In this post, we will review a great paper which bounds the generalization error of a broad class of models, including a popular class of deep neural networks, using the PAC-Bayesian framework.
Background
We first introduce the background. We are considering a class \(\mathcal{H}\) of neural networks where an instance \(f_w \in \mathcal{H}\) is shown as below,
\[f_w(x) = W_{d} \phi( W_{d-1} \phi( \dots ( W_{1} x ) ) ),\]where \(w = \text{vec}([W_{1}, \dots, W_{d}])\) is the concatenated vector of all weights1, \(\phi\) is ReLU2, \(d\) is the number of layers. This class encapsulates many fully connected networks and convolutional neural networks used in practice.
A training sample, i.e., a pair of input and output, denoting as \(z = (x, y) \in \mathcal{Z}\), is drawn from some unknown distribution \(D\) in an i.i.d. manner. We use the following margin loss to learn the model.
\[L_{\gamma}(f_w, D) = \mathbb{P}_{z \sim D} \left[ f_w(x)[y] \le \gamma + \max_{j \neq y} f_w(x)[j] \right]\]We denote its empirical estimation based on a size-\(m\) training set \(S\) as
\[L_{\gamma}(f_w, S) = \frac{1}{m} \sum_{z \in S} \bm{1}\left[ f_w(x)[y] \le \gamma + \max_{j \neq y} f_w(x)[j] \right]\]PAC-Bayesian approaches introduce a prior distribution \(P\) and a posterior distribution \(Q\) over the same model class \(\mathcal{H}\).

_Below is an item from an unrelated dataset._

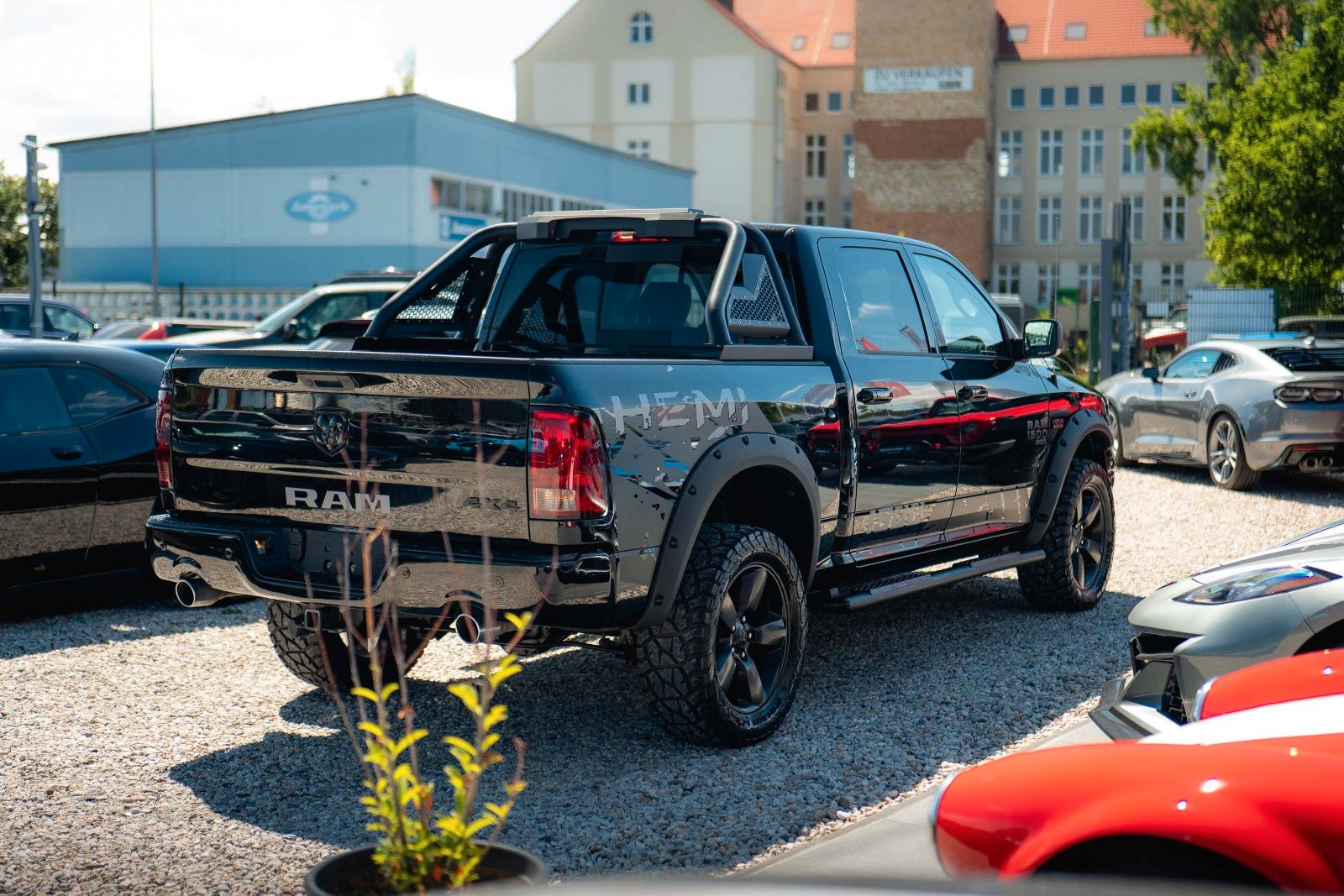 Fahrzeugabbildung Dodge RAM 5.7 V8 HEMI 4x4 OFFROAD Night-Paket *LED*AHK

Under this setting, we care about the following loss,
\[\begin{align} L_{\gamma}(Q, D) & = \mathbb{E}_{f_w \sim Q} \left[ L_{\gamma}(f_w, D) \right] \nonumber \\ L_{\gamma}(Q, S) & = \mathbb{E}_{f_w \sim Q} \left[ L_{\gamma}(f_w, S) \right]. \end{align}\]The main result (due to David McAllester) of the PAC-Bayesian approaches is as follows.

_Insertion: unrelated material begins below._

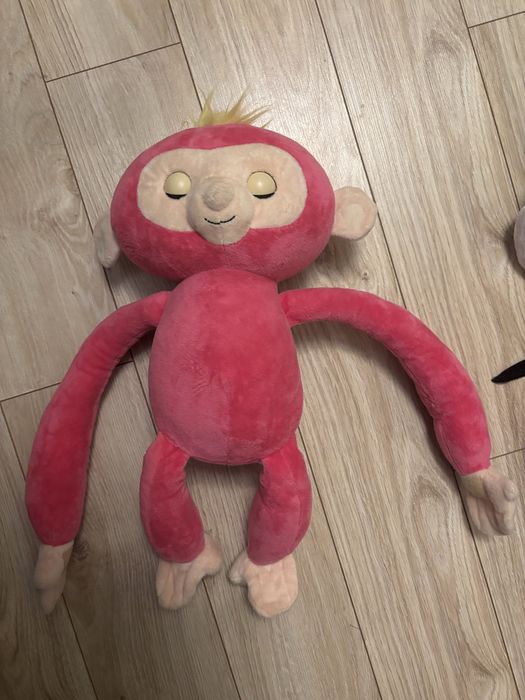 Fingerlings Hugs, interaktywna małpka, 30 cm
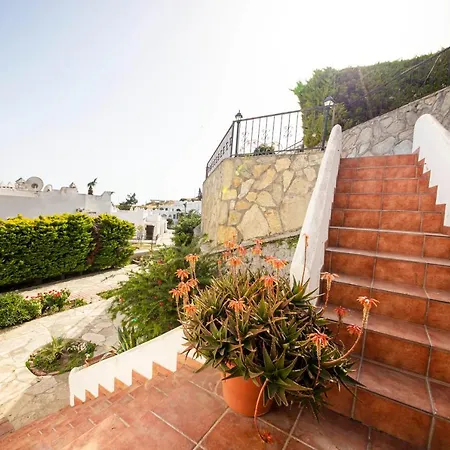 Charming With Shared Pool, Balcony, Terrace And Backyard In Bodrum Ferienhaus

Theorem 1. Let \(D\) be an arbitrary distribution over \(Z\), i.e., the space of input and output pair. Let \(\mathcal{H}\) be a hypothesis class and let \(\ell: \mathcal{H} \times Z \rightarrow [0, 1]\) be a loss function. Let \(P\) be a prior distribution over \(\mathcal{H}\) and let \(\delta \in (0, 1)\). Then, with probability \(1 - \delta\) over the choice of an i.i.d. size-\(m\) training set \(S\) according to \(D\), for all distributions \(Q\) over \(\mathcal{H}\), we have
\[L_{\gamma}(Q, D) \le L_{\gamma}(Q, S) + \sqrt{\frac{\text{KL}(Q \Vert P) + \ln \frac{2m}{\delta} }{2(m-1)}}\]

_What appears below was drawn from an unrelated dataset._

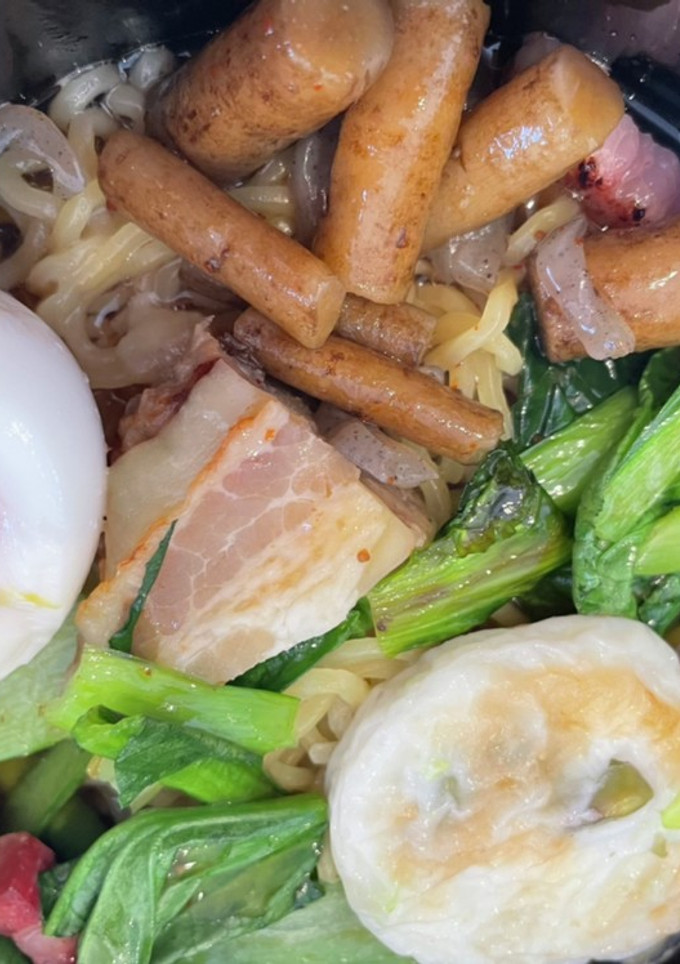 小松菜　ベーコン炒め　半熟卵　ラーメン-レシピのメイン写真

The good thing about this theorem is it holds for any posterior \(Q\) which of course includes the one returned by the learning process.
Point Estimated PAC-Bayes
If you would like to compare the generalization bound derived from PAC-Bayes with the one derived from other approaches, you will find that they are not directly comparable. This is caused by the fact that typical approaches bound the point estimation of the generalization error, i.e., \(L_{\gamma}(f_w, D)\), whereas PAC-Bayes bounds the Bayesian estimation, i.e., \(L_{\gamma}(Q, D)\). To make a comparison, one can actually turn a PAC-Bayes bound in Theorem 1 into a point estimation form, i.e., the situation where we just have a deterministic model. This paper takes the same proof technique as in the original paper by David McAllester and provides the following general result.
Lemma 1. Let \(f_w(x): \mathcal{X} \rightarrow \mathbb{R}^k\) be any model with parameters \(w\), and \(P\) be any distribution on the parameters that is independent of the training data. Then, for any \(\gamma, \delta > 0\), with probability at least \(1 - \delta\) over the size-\(m\) training set, for any \(w\) and any random perturbation \(u\), s.t. \(\mathbb{P}(\max_{x \in \mathcal{X}} \Vert f_{w + u}(x) - f_w(x) \Vert_{\infty} < \frac{\gamma}{4} ) > \frac{1}{2}\), we have:
\[L_{0}(f_w, D) \le L_{\gamma}(f_w, S) + \sqrt{\frac{\text{KL}(w + u \Vert P) + \ln \frac{2m}{\delta} }{2(m-1)}}\]
Here the posterior \(Q\) is the distribution of random perturbation \(u\) shifted by the learned weights \(w\).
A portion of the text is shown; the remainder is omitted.